BIRMINGHAM, AL (WBRC) - Susan Brawley said by all accounts her 23-year-old son Aaron had lived a normal life, but soon after starting college she noticed changes in him that eventually ended in his death.
"I never ever would have suspected that my child would grow up injecting drugs and using heroin," said Brawley
Aaron would go on to overdose twice, the second time he didn't make it. It was June 23, 2003 when Brawley found her son slumped over the tub, unresponsive.

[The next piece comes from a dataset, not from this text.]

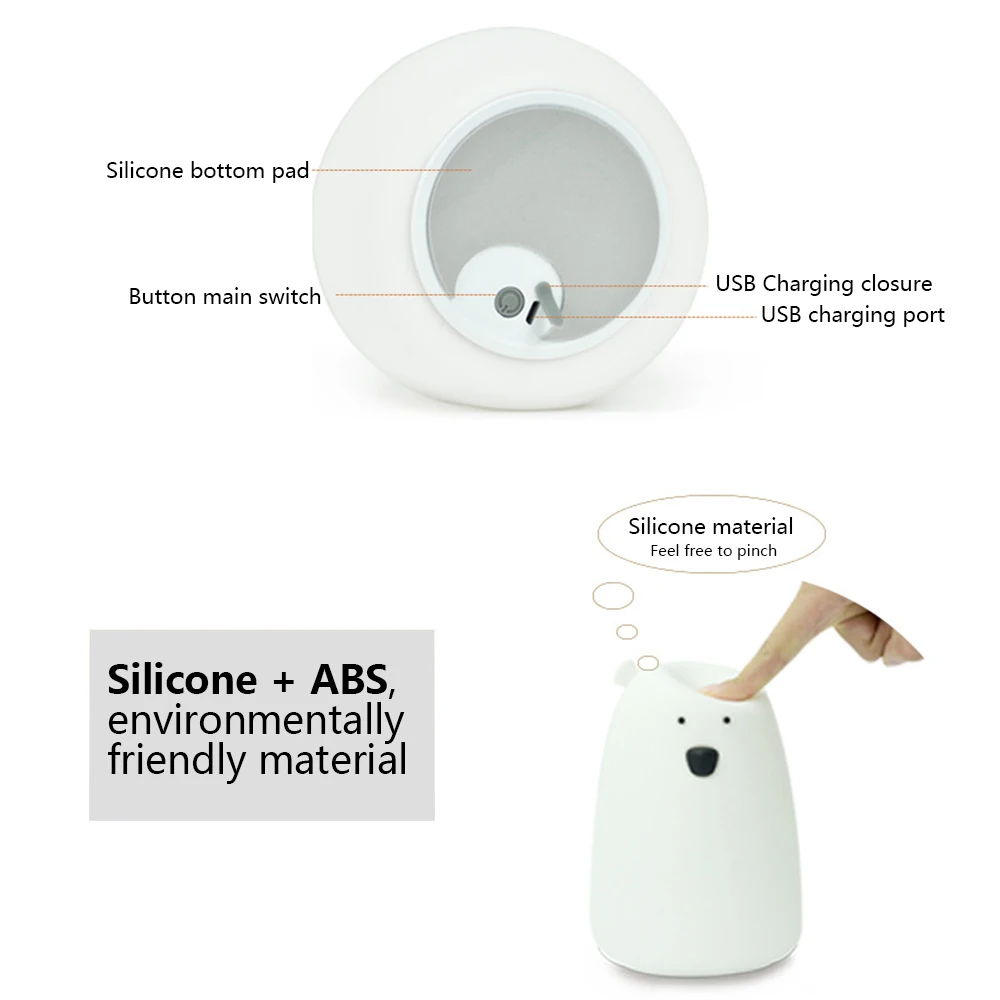 Силиконовый ночник в виде медведя цветная светодиодная прикроватная лампа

"I did CPR on him. He had been down too long and I couldn't save him. Ever since then I've taken on this mission because you are very much aware this problem has gotten so huge," Brawley said. "We're talking 13 and a half years ago that my son died, and we're still dealing with it and on a grander scale. It just amazes me."
The CDC reports that in 2015 drug overdoses accounted for 52,404 deaths in the U.S. Heroin deaths rose by 23 percent, slightly higher than gun homicides.
"We hear that all the time someone's been shot, but now there's more people dying of heroin than gun violence. I think it's way out of control," she continued.
Brawley said part of the problem is the community doesn't know how to treat addiction.
"When you have someone come in the emergency room with chest pain, we have a plan in place, we know exactly what to do. But when someone comes in with an overdose, no one really knows what to do. It's basically don't do this again," she said.
She said the only way to fight the problem is through spreading awareness and dedicating more resources to fighting addiction.
"There's got to be more resources available. There's no counseling. There's no treatment, if you don't have money and you don't have excellent insurance and I mean excellent insurance, then there's very few resources available for treatment," she said.
Until those resources are available for everyone, she continues to share her son's story in hopes of saving another family from this heartache.
"Don't think like I did, that you can just love them out of it," she said.
Brawley said another issue that's an obstacle to stopping these overdose deaths is that drug addiction is still viewed as and treated as a moral problem, and not a disease.